Unlike U.S. financial institutions, Canada’s banks never offered subprime loans and have been able to avoid the credit crisis that’s staggered the U.S. Canada also has lowered its interest rates because its manufacturers rely on selling exports to the American market and those sales shrink as the Canadian dollar rises against its U.S. counterpart.

“Softer growth means lower interest rates and lower interest rates are positive for the housing market,” Gregory Klump, chief economist for the Canadian Real Estate Association, told CTV this month.

So Canadian real estate investors and home buyers are able to lock in a low interest rate on a mortgage despite the fact the economy is in an extended period of sustained growth.

Here is a look at three Canadian real estate spots that should see significant increase in demand this year:

1. Sooke, British Columbia – A part of the Greater Victoria Real Estate market, Sooke is a suburb of Victoria, the capital of Canada’s westernmost province. Located to the west of Victoria on Vancouver Island, Sooke benefits from a warm climate, growing infrastructure and from the lack of land beyond it. To the west of Sooke is the Pacific Ocean and a large swath of undeveloped territory that includes a protected national rainforest. Only dirt roads access those areas, meaning Sooke is the end of the line as far as GVRE real estate is concerned. As Victoria and its eastern suburbs become congested, demand for properties in Sooke will increase.

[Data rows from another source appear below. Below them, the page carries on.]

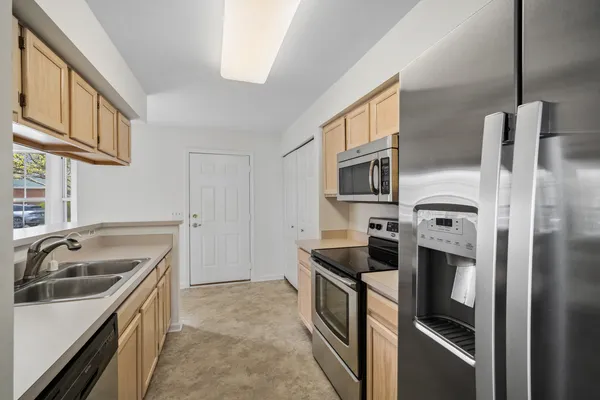 $375,000 | 103 Meadowbrook Lane, Lake Bluff, IL 60044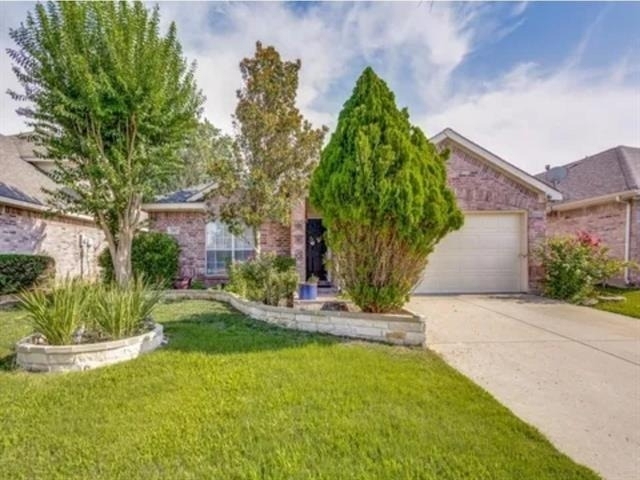 2907 Nandina Street - Photo 1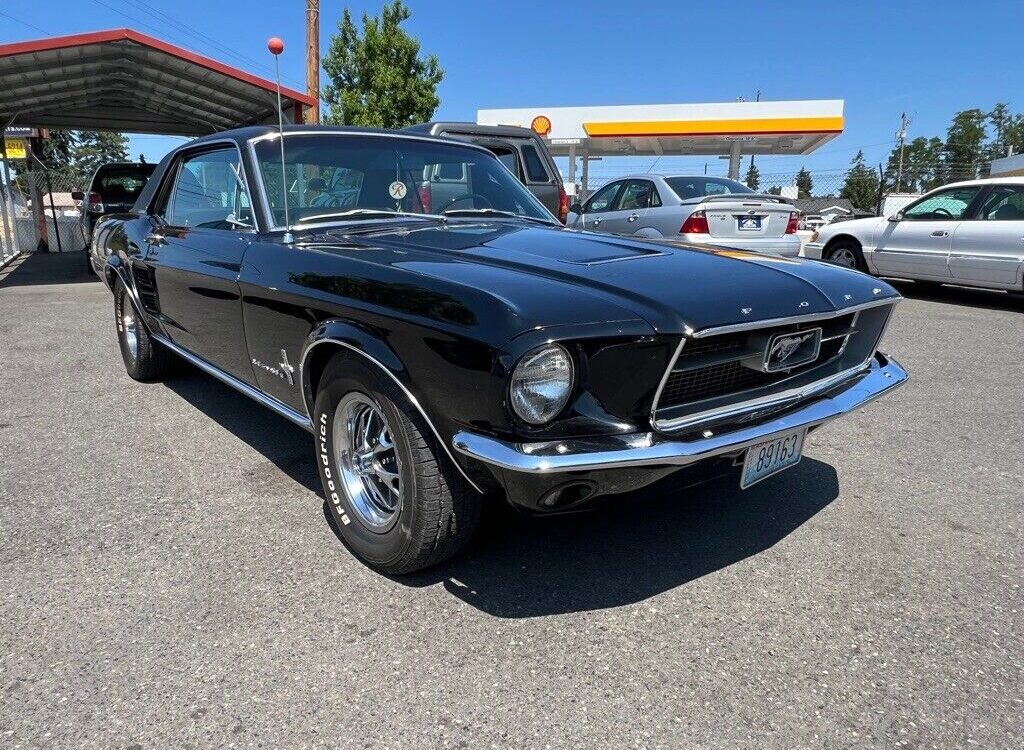 Ford-Mustang-1967-12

2. Gwillimbury, Ontario – If Toronto was situated a little farther south it would be in the United States and it would be the fourth-largest city there. And if lakefront property an hour’s drive from a large metropolis in the U.S. was available you would think it would be valued in the millions. By comparison, Gwillimbury and its neighboring towns located on Lake Simcoe are incredibly cheap. But as development in Ontario continues to sprawl that’s likely to change.

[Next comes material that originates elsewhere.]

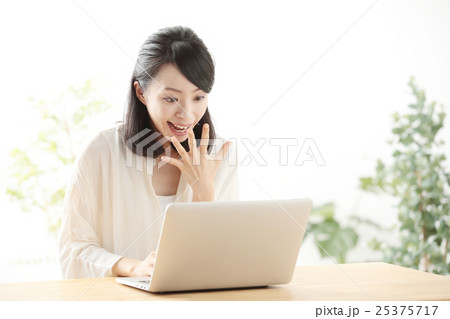 パソコン・若い女性 パソコン・若い女性 25375717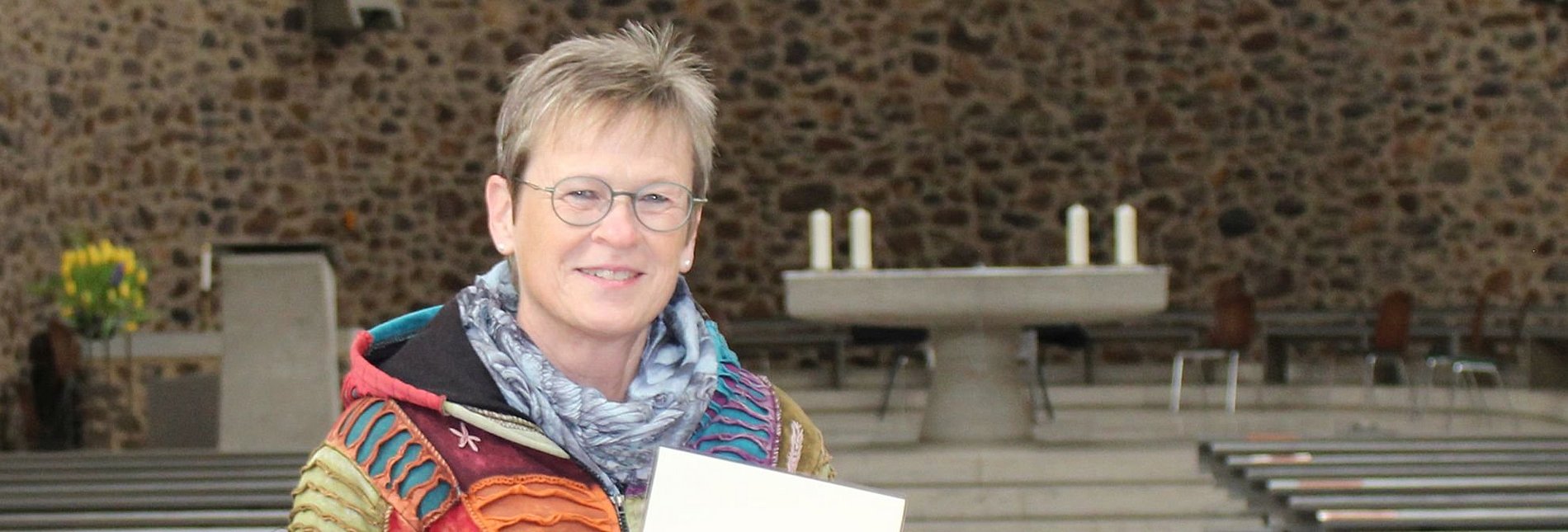 Pastoralreferentin Cornelia Sauerborn-Meiwes präsentiert in der Pfarrkirche St. Martin eine der zwei Meinungsboxen.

3. Greater Saskatoon, Saskatchewan – Bitterly cold and flat, Saskatchewan has been the butt of many Canadian jokes, but that’s changed. Agriculture is booming and the job market is clicking along at a torrid pace. House prices have followed, with real estate in Saskatoon being the most in demand. In January, the dollar value of real estate transactions in the region jumped 87 percent from January 2007 and year-over-year sales of residential units increased 37 percent, according to the province’s real estate association.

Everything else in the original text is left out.